Write down the lines exactly as they appear, from the one that contains "学前班班务总结_第2页" through the final line of the records, so that both ends are kept and no pictures come along.

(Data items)
Content starts
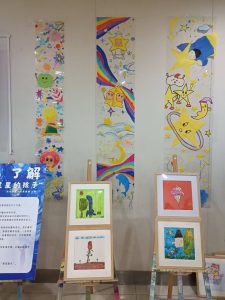 艺术2152 陈昇龙/校内实习/12月4日-现代学徒制-运行管理系统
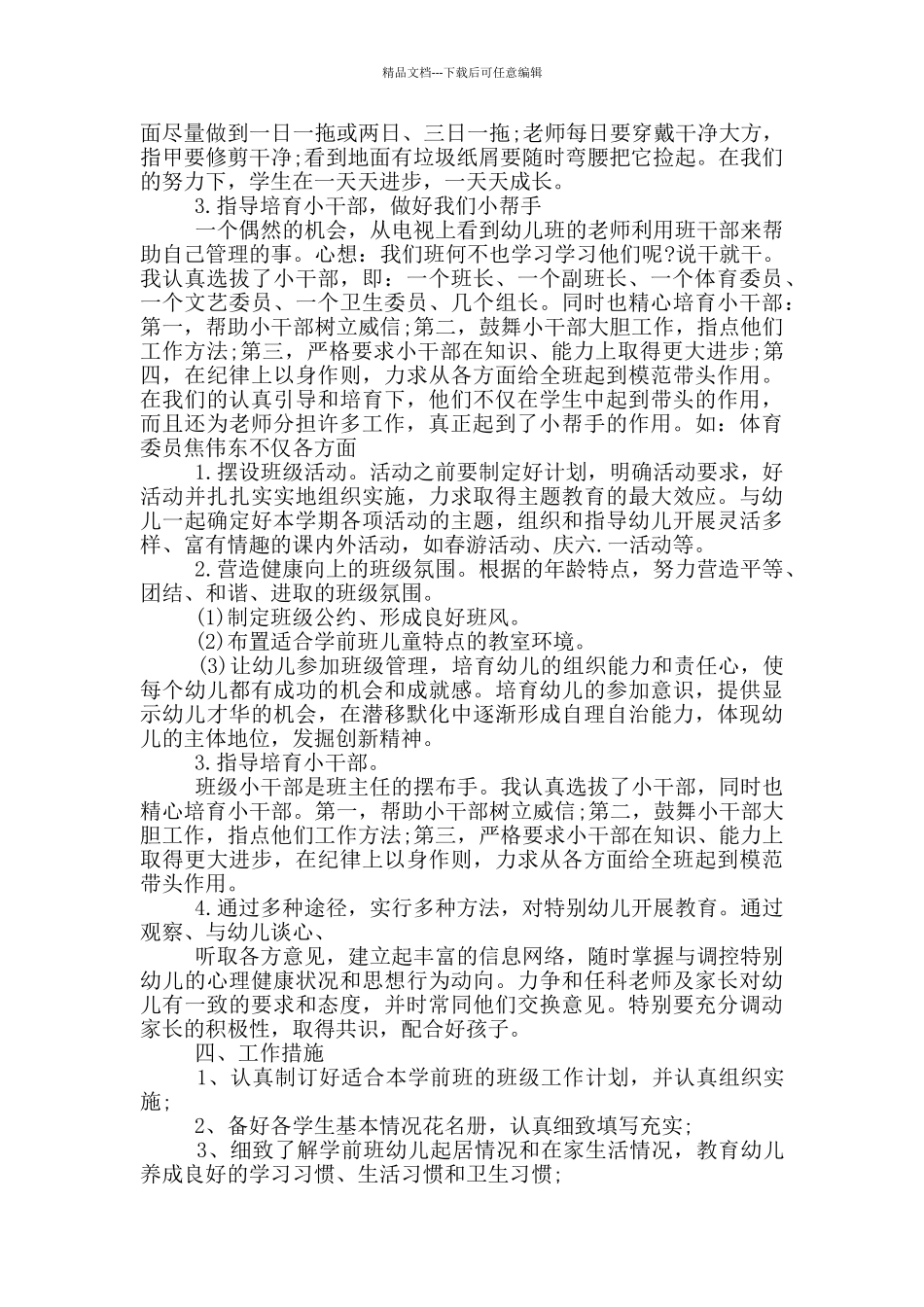 学前班班务总结_第2页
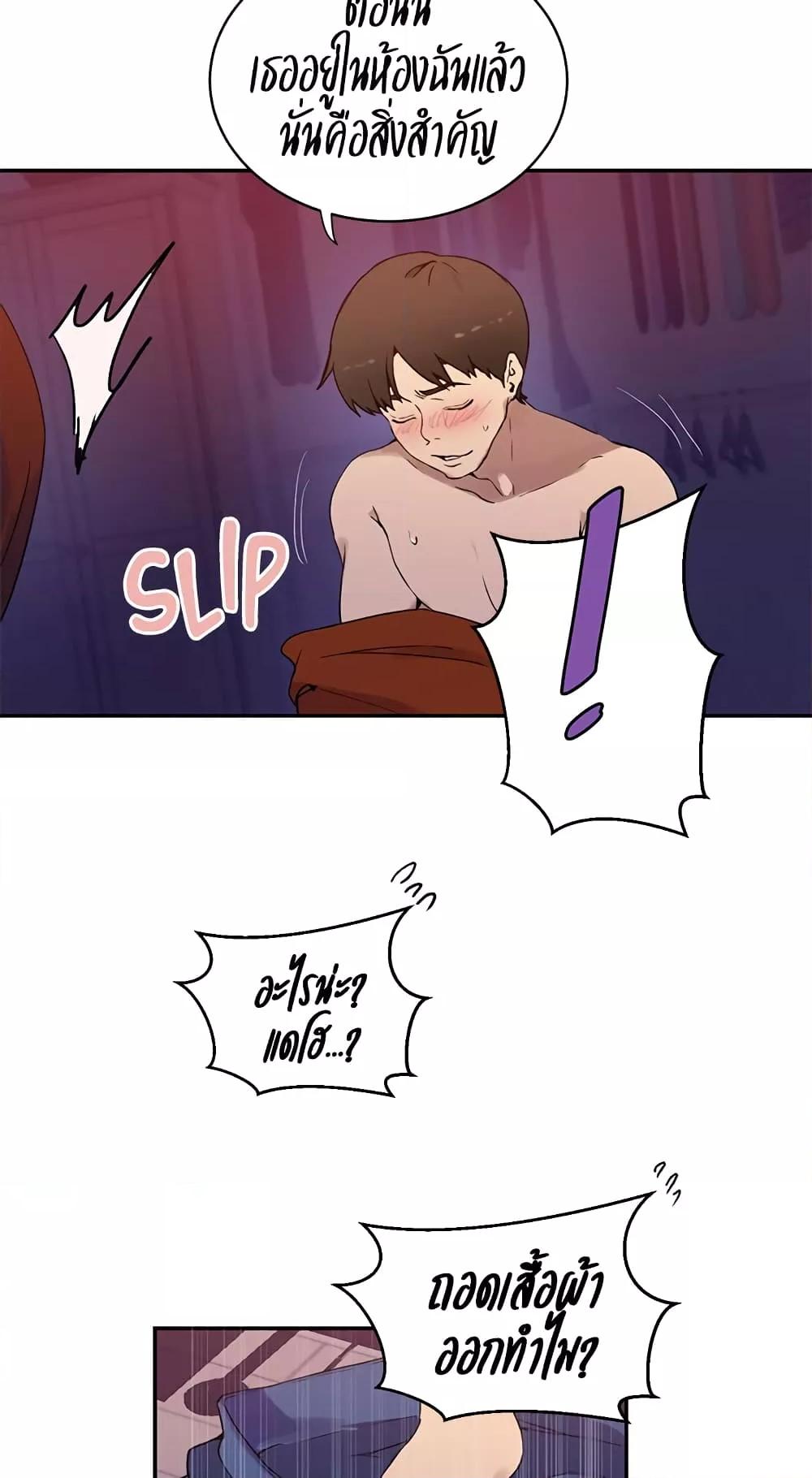 หน้า 44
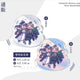 Seeking: Mount Hua Returns unofficial merchandise!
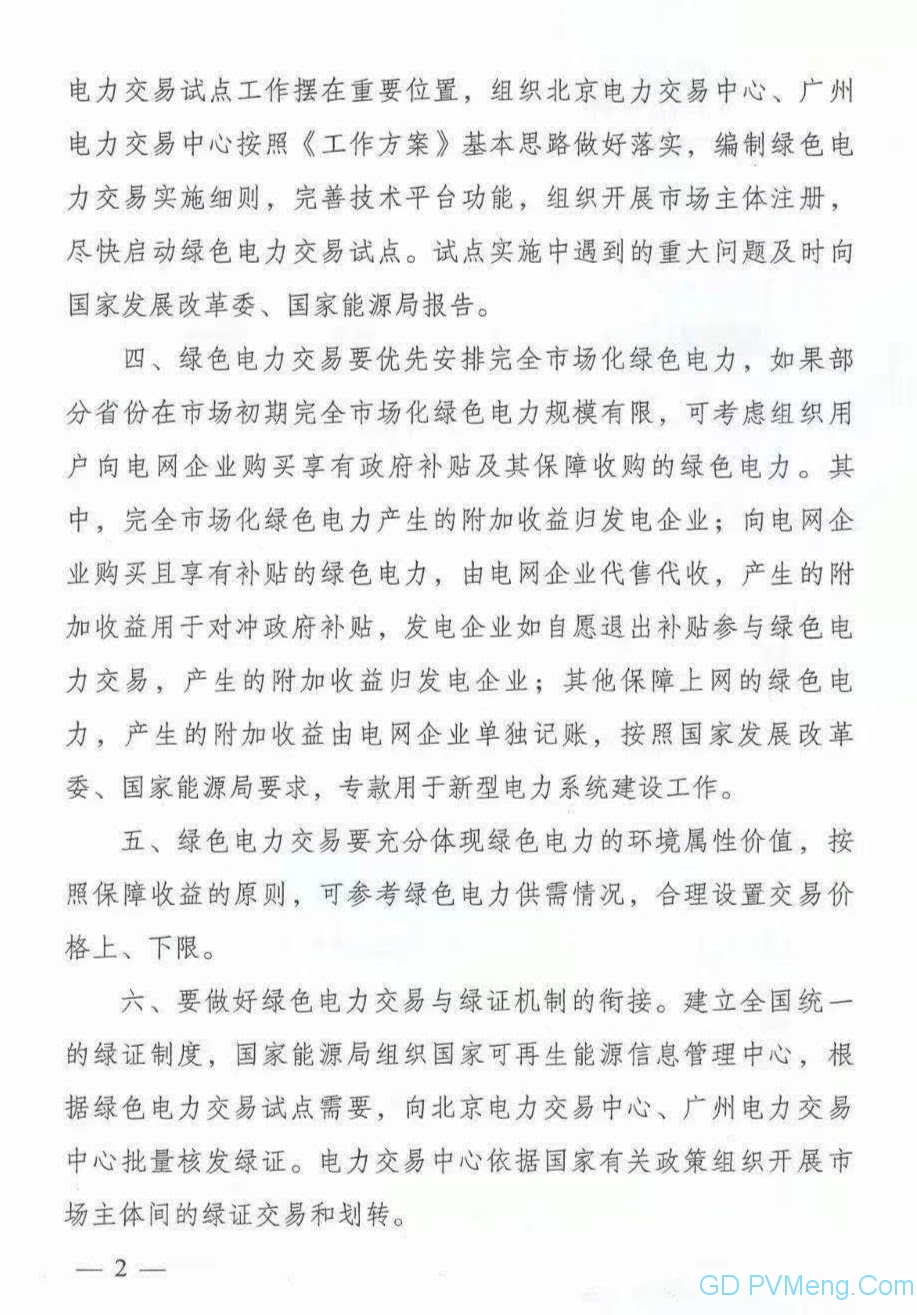 国家发改委 能源局关于绿色电力交易试点工作方案的复函（发改体改〔2021〕1260号）20210828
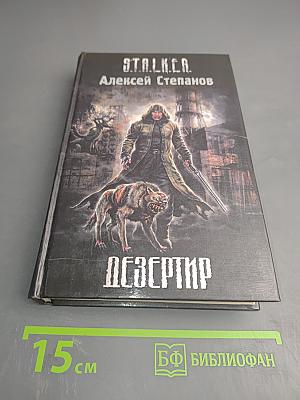 S.T.A.L.K.E.R. Дезертир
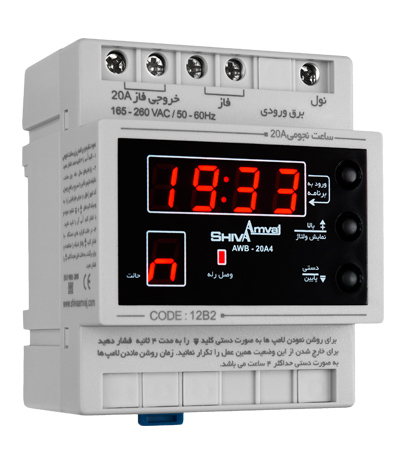 ساعت نجومی ۲۰A شیوا امواج مدل AWB-20AC5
Content ends
**Response area**
 学前班班务总结_第2页
 หน้า 44
 Seeking: Mount Hua Returns unofficial merchandise!
 国家发改委 能源局关于绿色电力交易试点工作方案的复函（发改体改〔2021〕1260号）20210828
 S.T.A.L.K.E.R. Дезертир
 ساعت نجومی ۲۰A شیوا امواج مدل AWB-20AC5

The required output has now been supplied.